On day one, arguably the most famous of all Russian designers, Zaitsev looked radiant when he himself appeared on the runway. He was met with a standing ovation - truly, the most respected of all Soviet and post-Soviet Russian couturiers deserves no less. His models led him to the end of the runway and back.
The Mercedes-Benz Fashion Week Russia this year played host to the Kazakhstan Fashion Week Showcase, showing off designers from the former republic.
For day two the schedule included street wear, more designers from Kazakhstan, classic couture and a secret performance by a Russian star of screen and stage. The day began with a conceptual show by the Moscow brand Sensus Couture. This is well-known for its brave search for nowness and its inspired originality.
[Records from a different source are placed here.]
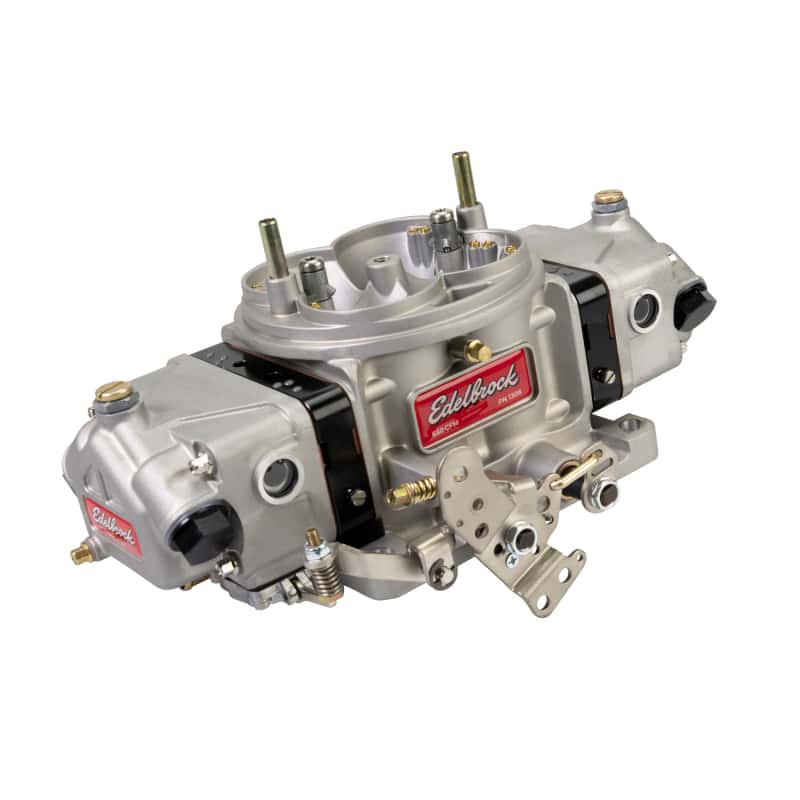 Edelbrock — Edelbrock VRS-4150 Carburetor 850 CFM 4-Circuit Annular Booster - STD Finish
VRS-4150 Carb 850 - view 2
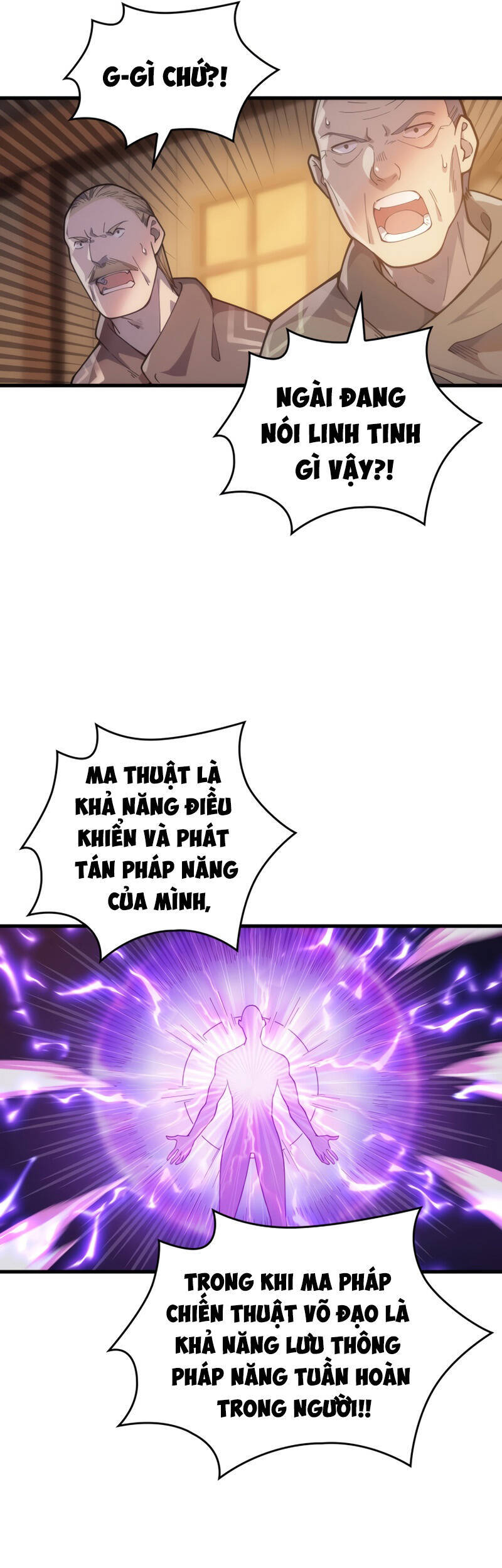 Tái Sinh Thành Công Chức Bình Thường Ở Một Thế Giới Xa Lạ - Chương 1 - Trang 56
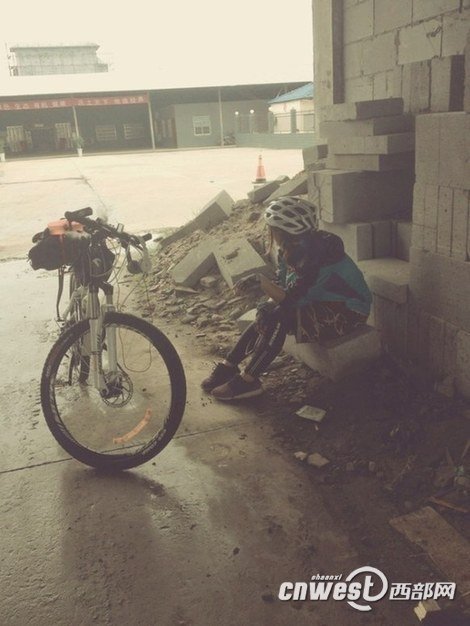 路途艱辛,困難重重,廖靖文最后還是堅持下來了 路途艱辛,困難重重,廖靖文最后還是堅持下來了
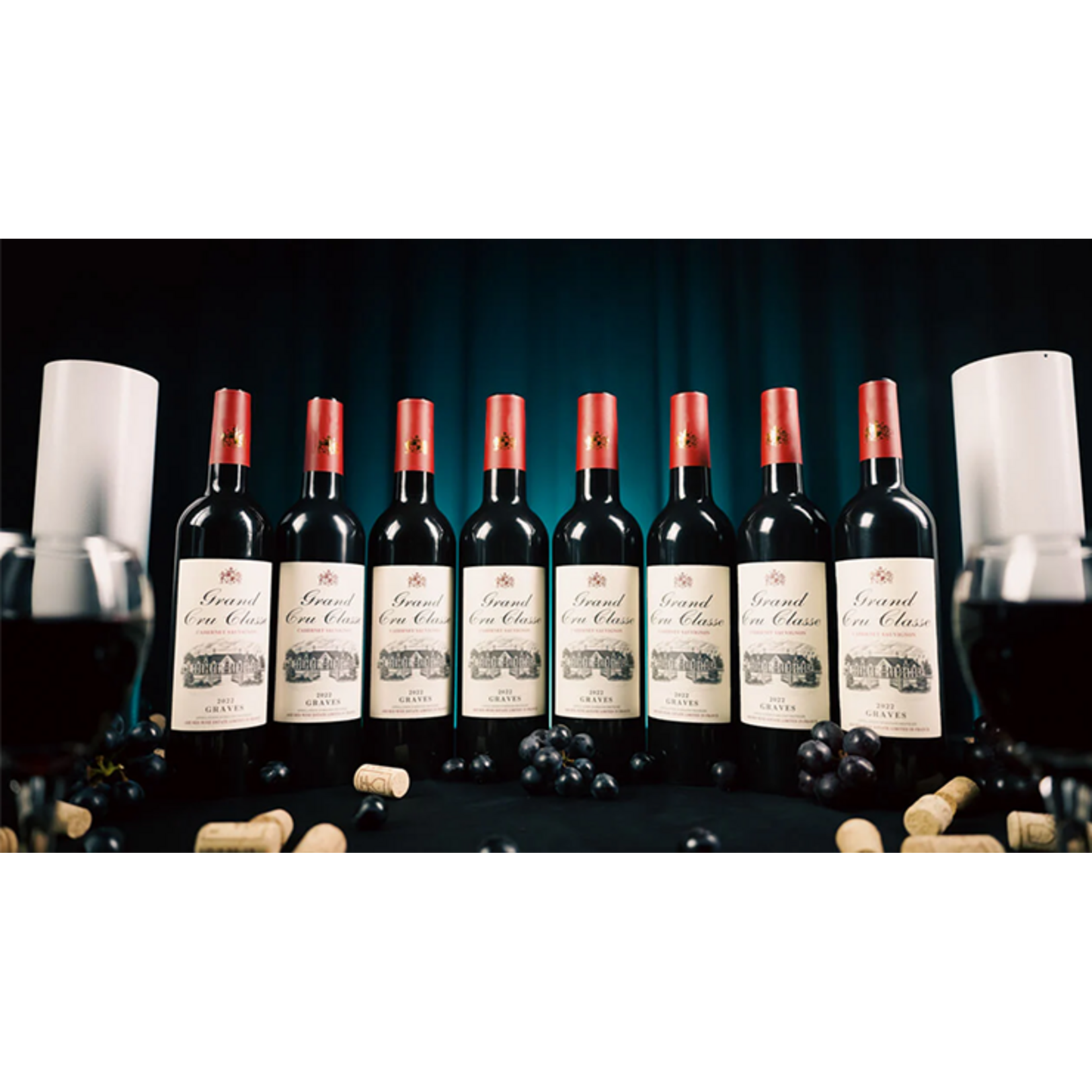 Miracle Wine Bottles by TCC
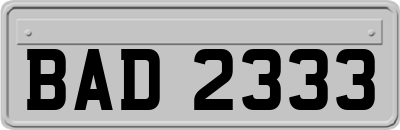 BAD2333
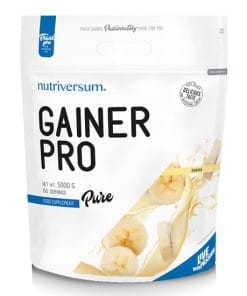 مکمل گینر ناتریورسام 6 مکمل گینر ناتریورسام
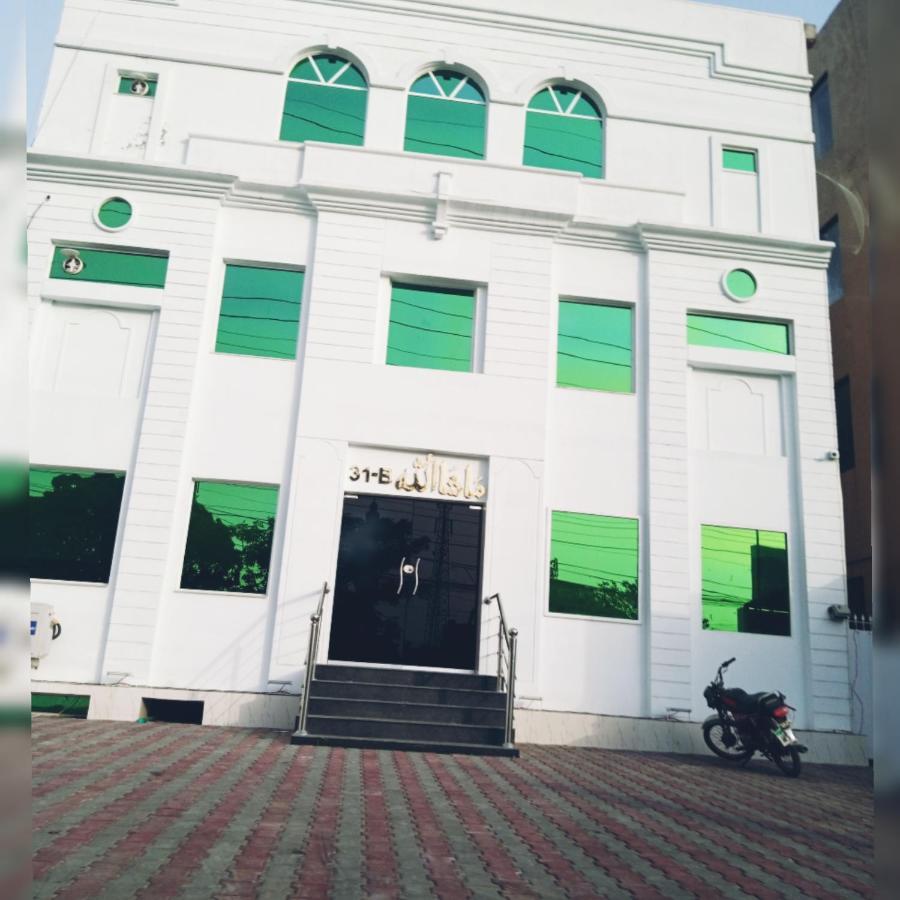 Hotel White Pearl Lahore Exterior photo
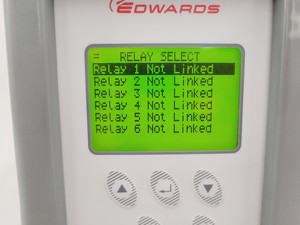 Thumbnail image of BOC Edwards EXT 70H Turbomolecular Pump,Cooling Fan, Controller & Gauge ACX Lab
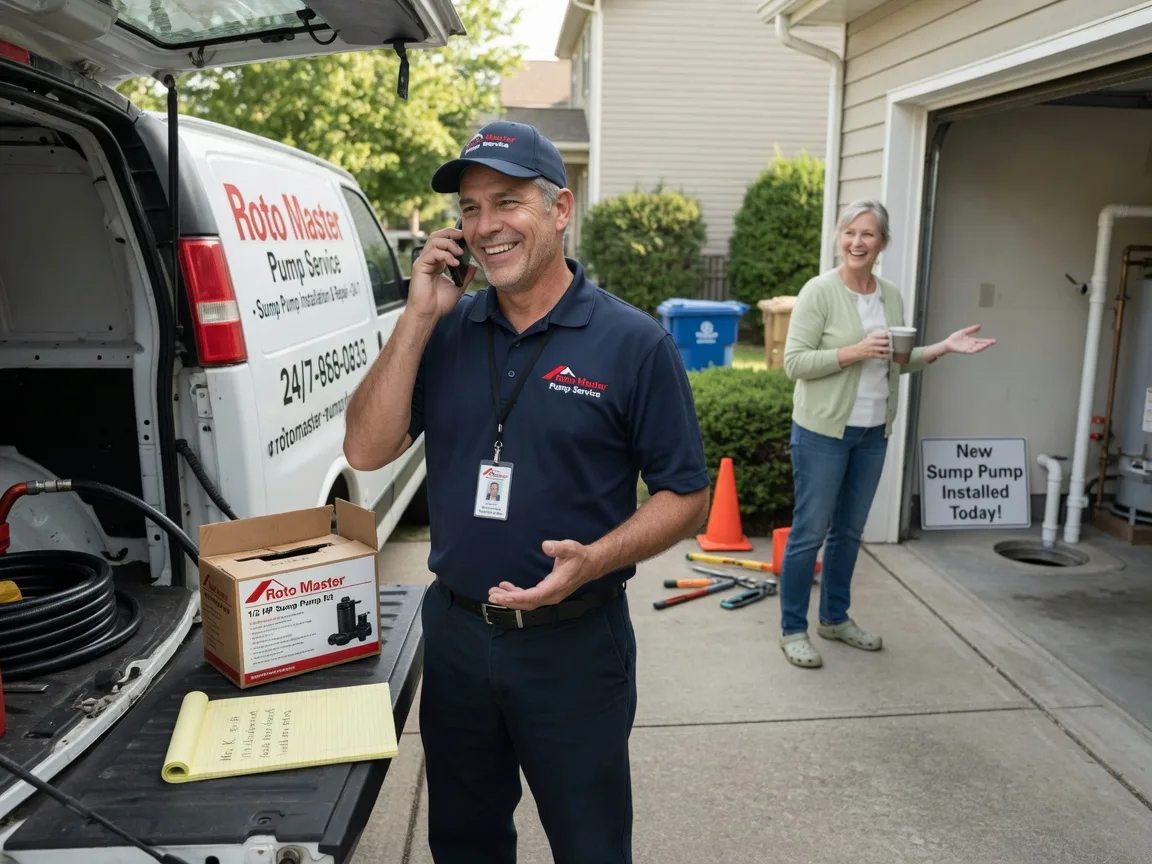 Sump Pump Installation Weeksbury, KY FAQs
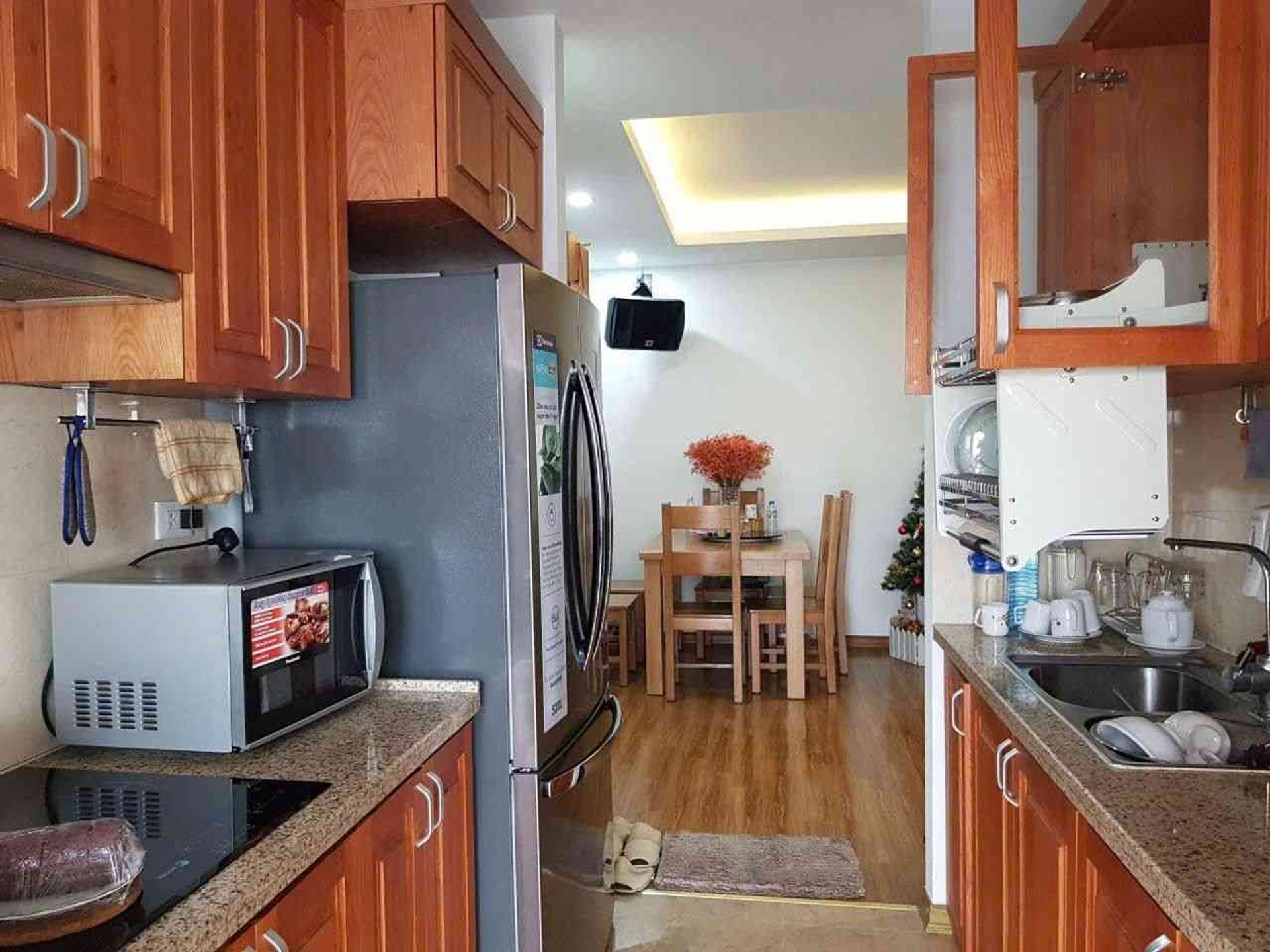 Bán nhà Vĩnh Tuy - diện tích 66m2 17 tầng - Lô góc - giá 6,4 tỷ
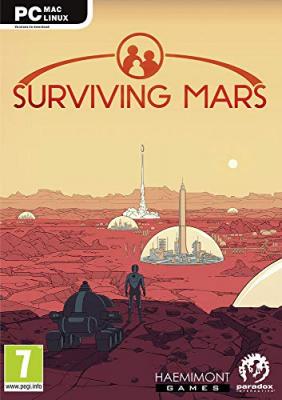 Surviving Mars PC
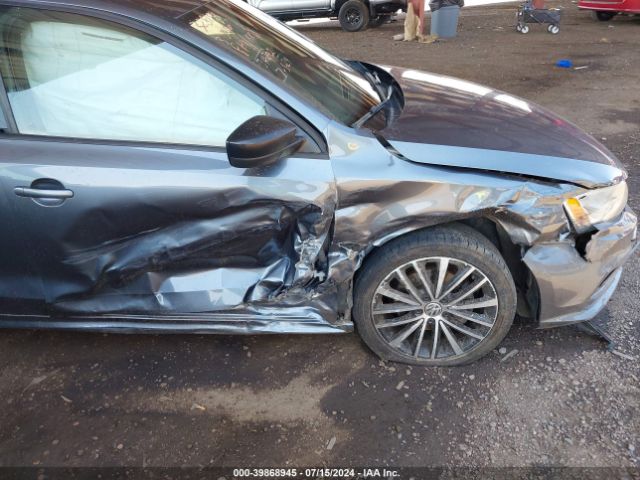 3VWB17AJ4GM375190 Volkswagen Jetta 1.8t Sport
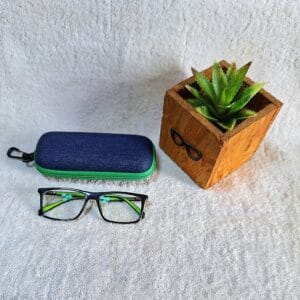 Bifocal Photochromic Glasses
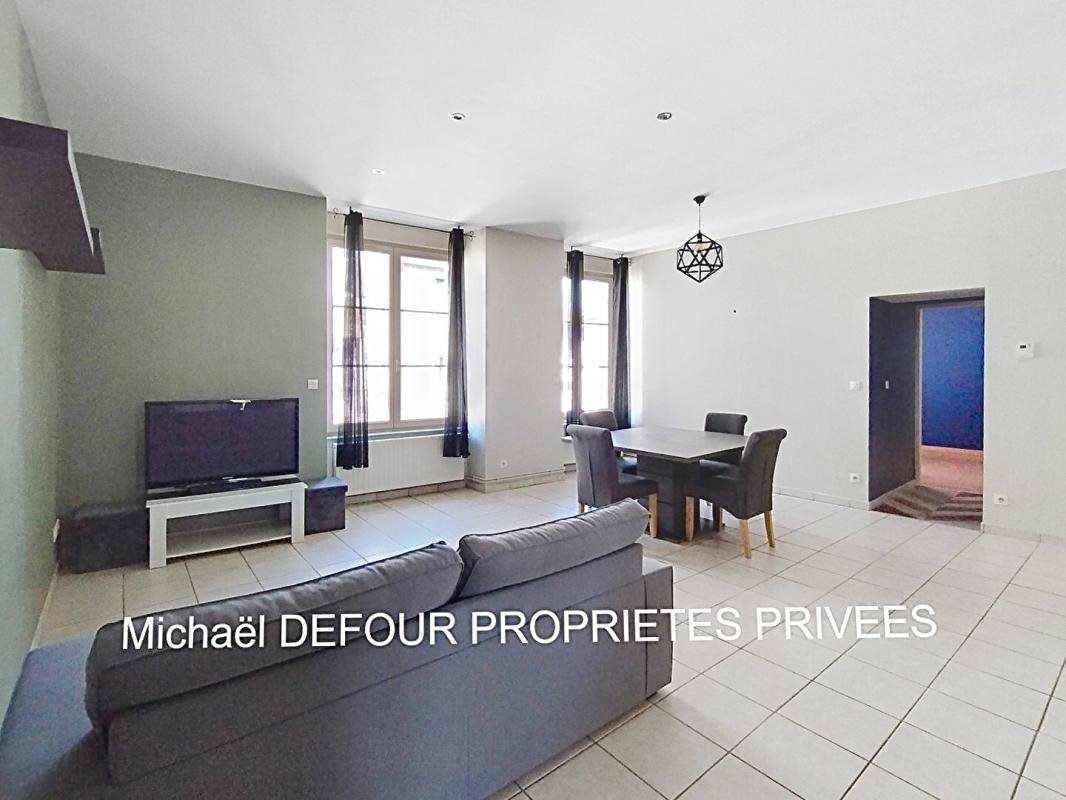 Appartement à vendre, 65m², Saint-Didier-en-Velay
Leather, latex and silk were the course for the day, and Sensus employed its traditional color palette - red, white and lots of black. Many looks were straight-on street wear, with models strolling in pullovers and shorts with some thigh-high boots, while others were traditional evening wear - little black dresses with Ziggy Stardust-like lightning symbols, bold jackets with leopard skin prints, sheer golden coats.
Day three of the Mercedes-Benz Fashion Week Russia started off with much aplomb, with a whole new slew of young designers to whet the visitors’ insatiable appetites. The first major show of the third day was by Snezhana Paderina.
This Parsons School of Design graduate is well-known for her love of architecture, technology and cyberpunk, and her interest in combining modern technology and traditional techniques in her approach. Combat boots and beautifully-crafted high heels accentuated the otherness of this collection, and modernist art was often incorporated into the garments.
Day four offered a diverse cast of designers. Students of Moscow’s HSE Art and Design School presented a show. First, deconstructed capes and ponchos made of recycled fabrics filled the runway, then oversized trench coats and tulle capes with the collection’s name emblazoned in bold lettering, then even more deconstructed garments, with long tendrils of fabric flowing behind the models. A lot of what was shown could still be classified as modernist street wear, but with a definite avant-garde feel to it.
At the next show, Nastya Nekrasova presented her new collection. One of the constant themes in Nekrasova’s work has been the work of the Athens sculptor Leochares. As for the garments themselves, these had a lot of classical in those as well - silk and wool numbers, free and flowing shapes, oversized sleeves (as if from an antique theatre costume), and busts models carried underarm. But this was a collection by a young Russian designer, so a little modernism was unavoidable - skirts with abstract scribble art and high leather heels spiced up this avant-garde collection.
The final day saw a collective show by the leading educational fashion project in the country, Rebel School. The project gathers the best tutors in the country. Rebel School students presented a diverse collection of modern avant-garde street wear, with designs ranging from oversize orange hoodies and capes and catholic schoolgirl outfits to comfy trousers and shirts to Alice-in-Wonderland style dresses.
Color combinations were the traditional to street wear black, orange, white and red, with several striking blue outfits in the mix. The show bended gender norms, with model Sima Kozochka coming out in a men’s prison robe inspired fit, while other female models wore stylish men’s suits.